* WHAT TO PRODUCE *
In the listing below, locate the line containing "Group Of One" and the line containing "Keltainen ja musta". Output both of them and every line between, exactly as written, and nothing more.

* STUDY MATERIAL *
◆ ◆ ◆ ◆
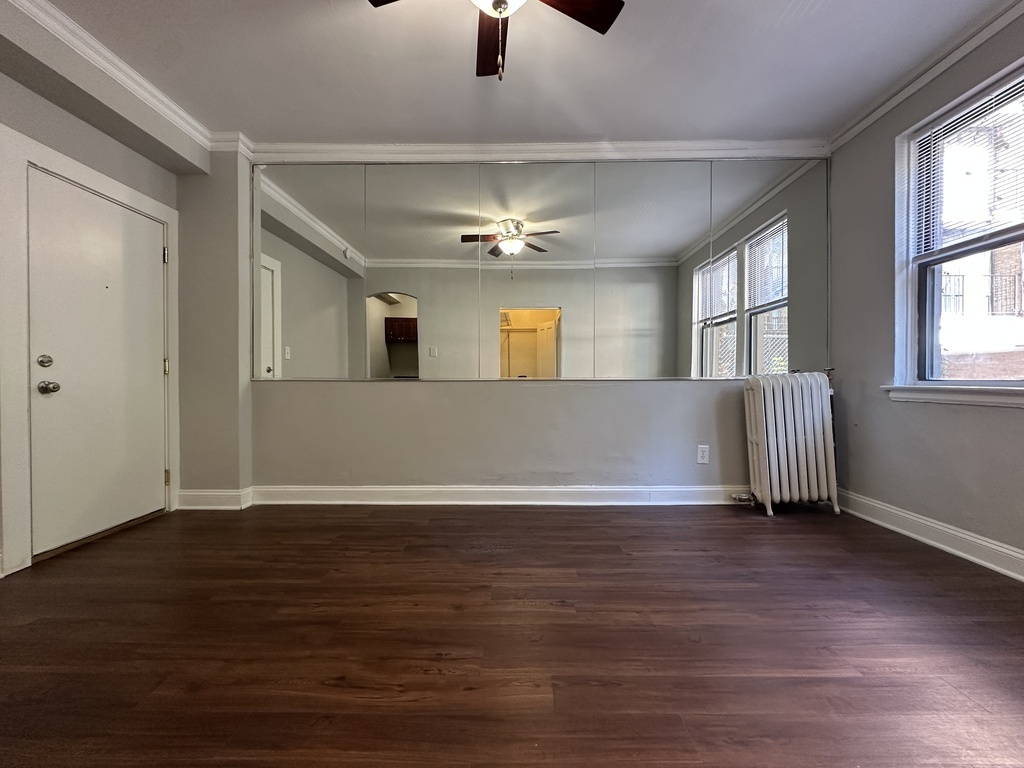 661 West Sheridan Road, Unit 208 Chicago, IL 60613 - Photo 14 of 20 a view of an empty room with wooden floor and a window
◆ ◆ ◆ ◆
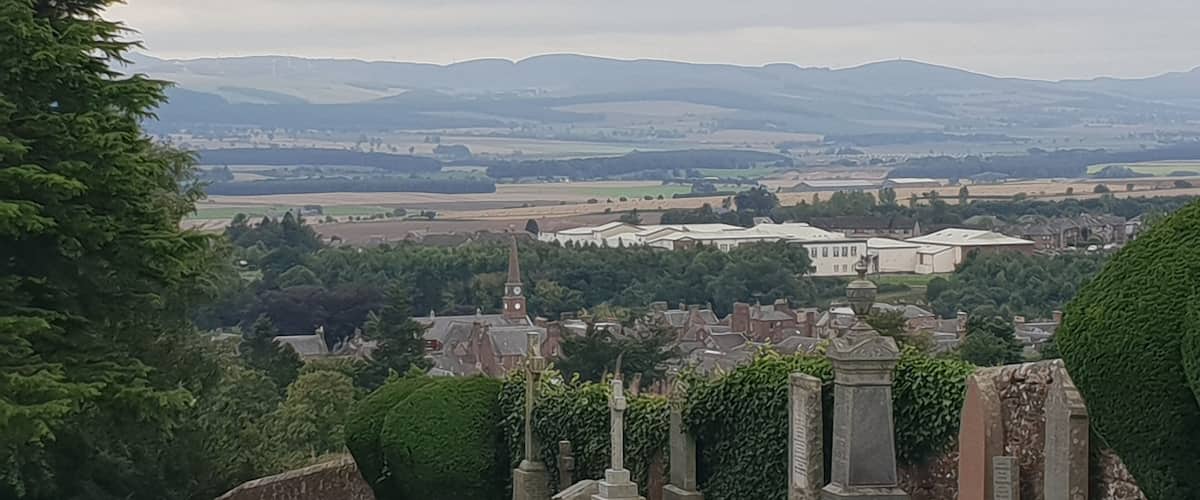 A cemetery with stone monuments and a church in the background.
◆ ◆ ◆ ◆
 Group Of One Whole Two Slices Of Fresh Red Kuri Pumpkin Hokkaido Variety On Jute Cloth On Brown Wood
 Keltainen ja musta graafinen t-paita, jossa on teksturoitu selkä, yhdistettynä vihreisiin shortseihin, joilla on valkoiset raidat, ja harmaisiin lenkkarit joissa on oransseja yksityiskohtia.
◆ ◆ ◆ ◆
* RESPONSE FOR THIS EXERCISE *
 Group Of One Whole Two Slices Of Fresh Red Kuri Pumpkin Hokkaido Variety On Jute Cloth On Brown Wood
 Keltainen ja musta graafinen t-paita, jossa on teksturoitu selkä, yhdistettynä vihreisiin shortseihin, joilla on valkoiset raidat, ja harmaisiin lenkkarit joissa on oransseja yksityiskohtia.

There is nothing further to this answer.